Wave-Particle Duality

Light and matter exhibit both wave and particle properties depending on the measurement. The double-slit experiment demonstrates this: photons create an interference pattern (wave behavior), yet each photon strikes the screen at a single point (particle behavior). Measuring which slit a photon passes through destroys the interference pattern.

De Broglie Wavelength

All matter has an associated wavelength given by the de Broglie relation:

\[\lambda = \dfrac{h}{mv}\]

For electrons, λ is comparable to atomic dimensions and wave effects are significant. For macroscopic objects, λ is negligibly small and classical behavior dominates.
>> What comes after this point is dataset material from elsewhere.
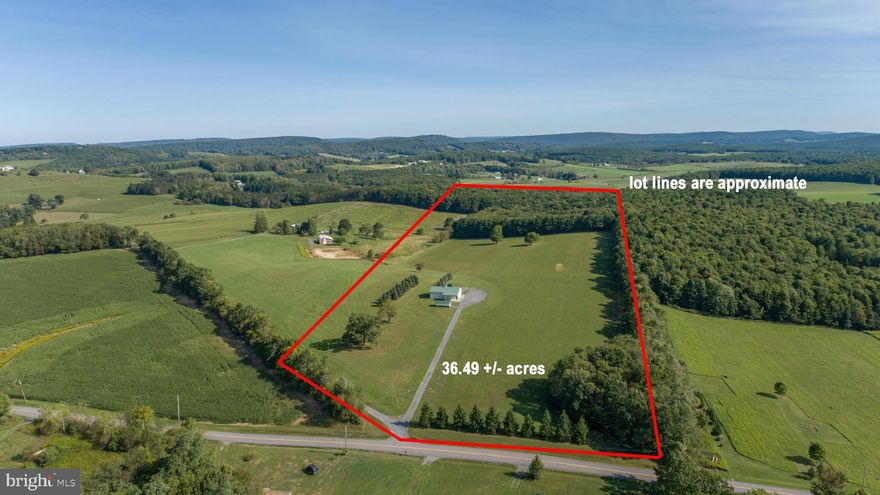 Remarkable opportunity!  Located conveniently between the lake and Oakland, this 36.49 acre property offers rolling land with a mixture of pasture and woods including 5 approved perc sites.   Improvements include a 60' x 40' pole building with 14' ceilings and two 12' garage doors.  The building has water and septic access, great electric service, a full bath, heated ceilings, abundant lighting, connections for you RV and or travel trailer,  and a 30' X 12' attached car port.   A separate 1 car garage is close by.  

The level entrance gravel drive off Spring Glade Road is easily accessible in all seasons.    The property has been prepared for a future residence and or additional buildings.   The wooded area offers trails and several springs with plenty of wildlife frequenting the property.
Connection to the Bohr Model

Stable electron orbits correspond to standing waves where an integer number of wavelengths fits around the circumference:

\[2\pi r = n\lambda\]

This condition naturally produces Bohr’s quantization of angular momentum (mvr = nh/2π) without postulating it.

The Uncertainty Principle

Position and momentum cannot both be known precisely at the same time:

\[\Delta x \cdot \Delta p \geq \frac{\hbar}{2}\]

This is not a measurement limitation but a fundamental property of waves. Electrons cannot have definite orbits; instead, we describe them using probability distributions called orbitals.